7. In U.S. Security v. Silva,693 So.2d 593 (Fla. 3d DCA 1997), the Court defined subsequent personal injury benefits to include not only claims for services rendered after an I.M.E. no show, but also payment of medical bills for dates of service before the I.M.E. no-show when the bill is received subsequent to the I.M.E. no-show.

8. The Eleventh Circuit applied Silva in Fonseca v. Star Casualty Insurance Company, 10 Fla. L. Weekly Supp. 865a (11th Judicial Circuit, Appellate, Miami-Dade, 2003), wherein the Plaintiff brought suit for payment of medical bills for dates of service from December 11, 1999 to April 9, 2000, despite the fact that the Plaintiff failed to attend an independent medical examination on March 21, 2000. Id.

9. The Fonseca Court ruled that the “Appellee (Carrier) should have paid the benefits incurred by the insured and received by the Appellee before March 21, 2000. The Fonseca Court, did not treat those bills received less than thirty days before the IME no-show any differently than those that were received more than 30 days before the IME no-show. If, as Defendant contends, a PIP carrier is entitled to a 30 day window to have medical bills reviewed by independent medical examination, the Fonseca Court would have granted relief from payment of those bills that were less than thirty (30) days old when the IME was missed. This is not the purpose or function of an IME, nor is there appellate caselaw to support Defendant’s position.

10. In Millennium Diagnostic a/a/o Adelina Lopez v. United Automobile Insurance Company, 12 Fla. L. Weekly Supp. 1086a, (Fla. 11th Jud. Cir., Miami-Dade County, 2005) this Court, under the tenure of the Honorable, Ada Pozo-Revilla, adjudicated this same issue, in another lawsuit between the subject parties, Millennium and United. In Millennium a/a/o Adelina Lopez, the Court ruled that “The assignor’s failure to attend an independent medical examination on February 15, 2002 and March 15, 2002, did not relieve United from paying Millennium’s bill that was received on February 7, 2002.
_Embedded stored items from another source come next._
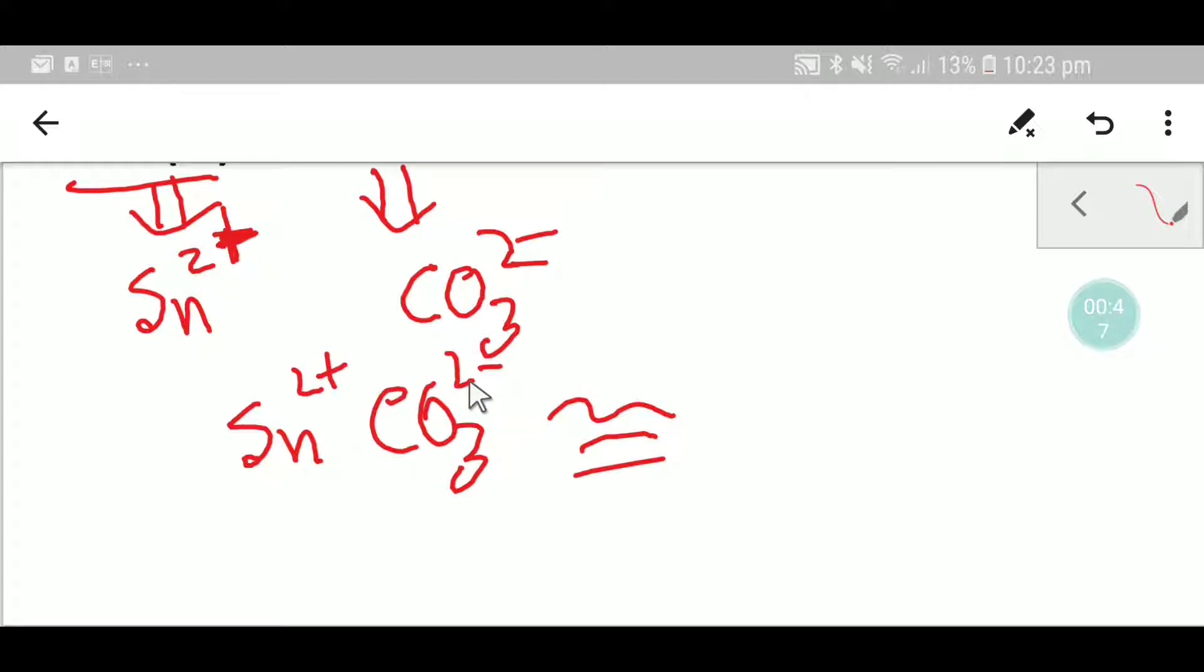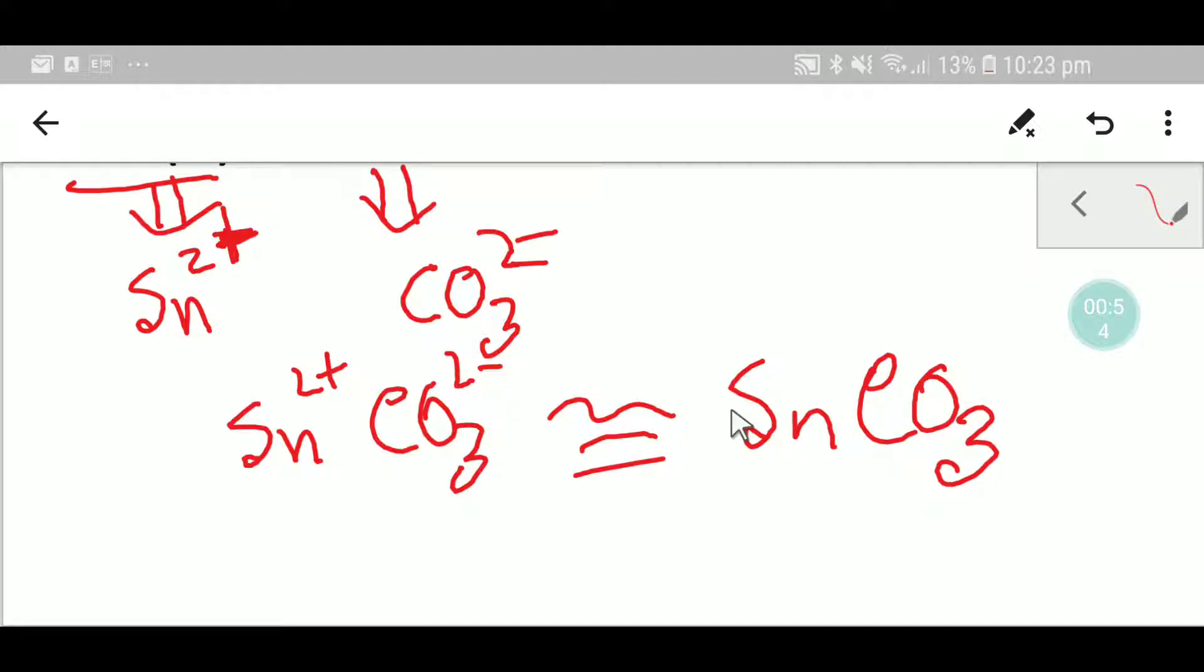Here you see that tin has two plus and carbonate has two minus, so this two plus will cancel this two minus, and you will get the formula SnCO₃ for tin(II) carbonate. Thanks for viewing this video.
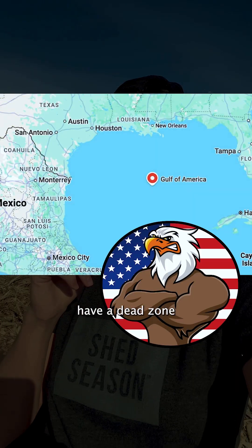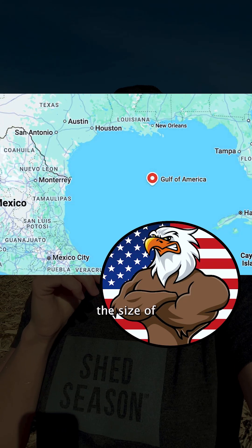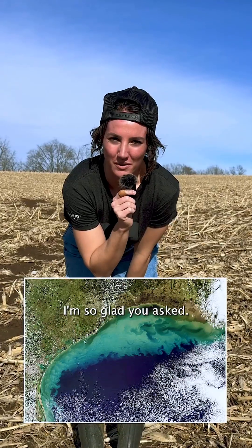What is erosion? How does it work? And why does the Gulf of America have a dead zone the size of Massachusetts? I'm so glad you asked.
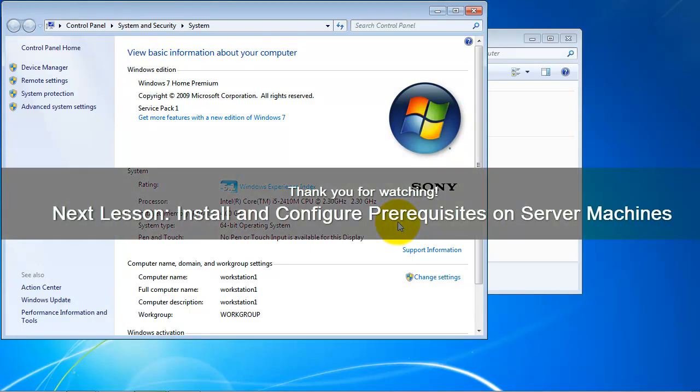In the next part of this exercise, we will learn how to install and configure the software requirements of the Enterprise Suite application.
11. Subsequent to this Court’s ruling in Millennium a/a/o Lopez, the Eleventh Circuit, sitting in its appellate capacity, reached the same ruling, in United Automobile Insurance Company, v. Eduardo Garrido, D.C., a/a/o Elier Frometa, 13 Fla. L. Weekly Supp. 434a, (11th Judicial Circuit, Appellate, Miami-Dade, 2006). The Frometa Court, affirmed the trial judge’s final summary judgment for the medical provider where medical bills were received on July 11, and August 6, 2002, and I.M.E. appointments where missed on July 18, and August 8, 2002. Id.

12. The Frometa Court explained “This Court finds that the holdings of Rodriguez and Silva are not in conflict with the plain meaning of Section 627.736(4) of the Florida Statutes. Therefore we find that the benefits are due immediately as the loss accrues, and upon receipt of the bill or reasonable proof of loss by the insurer.” Id.

CONCLUSION OF LAW

13. The assignor’s failure to attend an independent medical examination on November 19, 2002 and December 5, 2002 did not relieve United from paying Millennium’s bill that was received on November 8, 2002.

WHEREFORE, the Plaintiff’s Motion for Summary Judgment on Defendant’s IME no-show affirmative defense is granted.